Nu de verweren falen, zal de vordering uit onverschuldigde betaling worden toegewezen, met de wettelijke rente met ingang van 5 augustus 2024. De handelsrente wordt afgewezen, omdat de vordering uit onverschuldigde betaling niet voortkomt uit een handelsovereenkomst in de zin van art. 119a lid 1 BW, maar uit de wet, art. 6:203 BW.
Dit alles neemt niet weg dat de manier waarop de onverschuldigde betaling is teruggevorderd, zestien maanden nadat de fout was gemaakt, bepaald niet de schoonheidsprijs verdient, zoals Howden ook zelf in haar e-mail van 5 augustus 2024 heeft opgemerkt, tegen de achtergrond van het feit dat partijen in de loop van hun relatie regelmatig correcties hebben moeten aanbrengen en dat er onterechte premie-incasso’s hebben plaatsgevonden. De kantonrechter ziet hierin aanleiding de proceskosten te compenseren en de buitengerechtelijke incassokosten af te wijzen.

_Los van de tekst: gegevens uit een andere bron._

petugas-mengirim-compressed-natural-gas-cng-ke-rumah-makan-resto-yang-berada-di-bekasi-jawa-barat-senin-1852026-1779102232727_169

De rechter deelt desgevraagd mee dat partijen tegen dit vonnis met bijstand van een advocaat in hoger beroep kunnen gaan.
De voorgaande mondelinge uitspraak leidt tot de volgende beslissing.

2.De beslissing

De kantonrechter
2.1.
veroordeelt Emergo om aan Howden te betalen een bedrag van € 15.145,95, te vermeerderen met de wettelijke rente als bedoeld in artikel 6:119 BW over dit toegewezen bedrag vanaf 5 augustus 2024 tot de dag van volledige betaling,
2.2.
compenseert de proceskosten tussen partijen in die zin dat iedere partij de eigen kosten draagt,
2.3.
verklaart dit vonnis uitvoerbaar bij voorraad,
2.4.
wijst het meer of anders gevorderde af.
Dit proces-verbaal is opgemaakt en ondertekend door de kantonrechter en de griffier.